Poland is the only EU member state yet to sign up to the bloc's 2050 carbon neutral goal, and a new coal unit was opened at Turow only last month.
Can Poland abandon coal?
And yet Polish cities have some of the worst air quality in the EU. Rising public disapproval of smog and falling profits have prompted state-run power companies to announce large investments in renewable energy and gas, including Poland's first offshore wind farms.
According to public policy think-tank Instrat, 45% of Polish coal-fired power plants were already losing money in 2020.
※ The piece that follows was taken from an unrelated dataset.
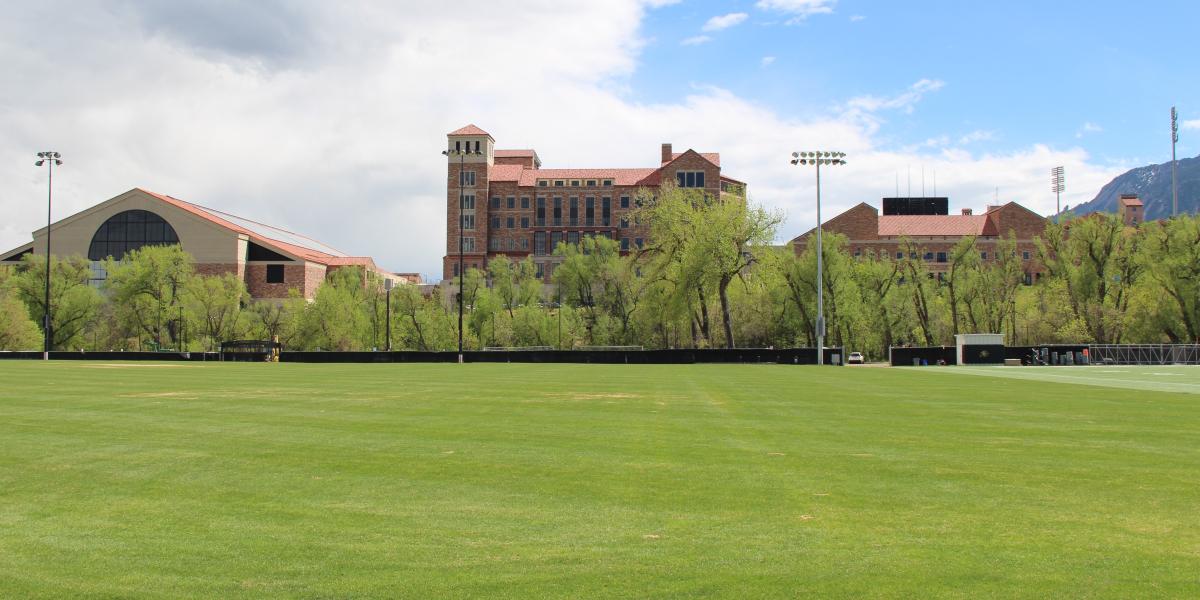 Lower Rec Field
That's because EU energy firms have to buy allowances for emitting CO2, which have got more expensive in recent years: from €26.5 per tonne in 2020 to €36.7 in 2021 alone.
What next for Polish power?
Polish coal plants are only viable because they receive state subsidies, says Instrat economist Pawel Czyzak.
"The government's inability to set a coal phase-out date blocks the transformation of the power sector, because it makes it difficult to get funding for energy projects and access to EU funds," he told the BBC.
Poland is set to be the biggest recipient of the EU's Just Transition Fund to help retrain workers in coal-dependent regions. But first the government must draw up plans to phase it out.
And it must reach a deal with the neighbouring Czechs too.
Milan Starec believes after years of frustration "a happy ending" is in sight. He wants to see Turow close in five years, or by 2030 at the latest.
"I would be happy if the mining stopped tomorrow, but there are 4,000 people working in the mine and it's not my wish to make anyone homeless.